Osteonecrosis of the Upper Extremity: MRI-Based Zonal Patterns and Differential Diagnosis.

作者信息

Schmitt Rainer, Kalb K H, Christopoulos G, Grunz J P

机构信息

Department of Radiology, Rhön-Klinikum AG, Bad Neustadt, Germany.

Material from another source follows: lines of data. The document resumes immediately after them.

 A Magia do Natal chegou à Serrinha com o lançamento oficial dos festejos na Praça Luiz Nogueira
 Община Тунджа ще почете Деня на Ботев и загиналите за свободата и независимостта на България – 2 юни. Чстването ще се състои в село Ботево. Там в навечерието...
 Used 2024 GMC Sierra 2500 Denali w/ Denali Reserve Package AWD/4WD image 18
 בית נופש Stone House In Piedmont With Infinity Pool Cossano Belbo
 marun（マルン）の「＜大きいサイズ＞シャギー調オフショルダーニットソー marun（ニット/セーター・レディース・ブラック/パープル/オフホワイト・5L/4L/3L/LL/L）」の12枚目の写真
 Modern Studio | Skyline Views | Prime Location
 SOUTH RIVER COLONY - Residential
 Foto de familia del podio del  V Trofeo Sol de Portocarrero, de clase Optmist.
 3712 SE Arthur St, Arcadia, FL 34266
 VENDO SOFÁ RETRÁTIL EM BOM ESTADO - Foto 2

Department of Radiology, University Hospital Würzburg, Würzburg, Germany.

出版信息

Semin Musculoskelet Radiol. 2019 Oct;23(5):523-533. doi: 10.1055/s-0039-1695719. Epub 2019 Sep 25.

Abstract

Regarding the upper extremity, osteonecrosis can relate to the humeral head and to any carpal bone, most commonly the lunate (Kienböck's disease), scaphoid (Preiser's disease and nonunion), and capitate bone (osteonecrosis of the capitate head). In children and adolescents, osteochondrosis is an important differential diagnosis at the epiphyses. Appropriate imaging of osteonecrosis depends on knowledge about blood supply, biomechanical load, and bone repair mechanisms. Contrast-enhanced MRI (ceMRI) enables the differentiation of up to three mostly band-shaped zones: necrotic tissue (proximal), hypervascular repair tissue (intermediate), and viable bone (distal). To distinguish between necrotic and repair zones, intravenous gadolinium is recommended in MRI. Osteosclerosis and insufficiency fractures in early and intermediate stages as well as osteoarthritis in advanced stages are best depicted using high-resolution CT (HRCT). The combination of HRCT and ceMRI allows for exact classification of osteonecrosis regarding morphology and viability.

摘要

关于上肢,骨坏死可累及肱骨头和任何腕骨,最常见的是月骨(Kienböck病)、舟骨(Preiser病和骨不连)和头状骨(头状骨头骨坏死)。在儿童和青少年中,骨软骨病是骨骺处重要的鉴别诊断。骨坏死的适当影像学检查取决于对血供、生物力学负荷和骨修复机制的了解。对比增强磁共振成像(ceMRI)能够区分多达三个主要呈带状的区域:坏死组织(近端)、高血管化修复组织(中间)和存活骨(远端)。为了区分坏死区和修复区,建议在磁共振成像中静脉注射钆。早期和中期的骨质硬化和不全骨折以及晚期的骨关节炎使用高分辨率CT(HRCT)显示最佳。HRCT和ceMRI的联合使用能够对骨坏死的形态和存活情况进行精确分类。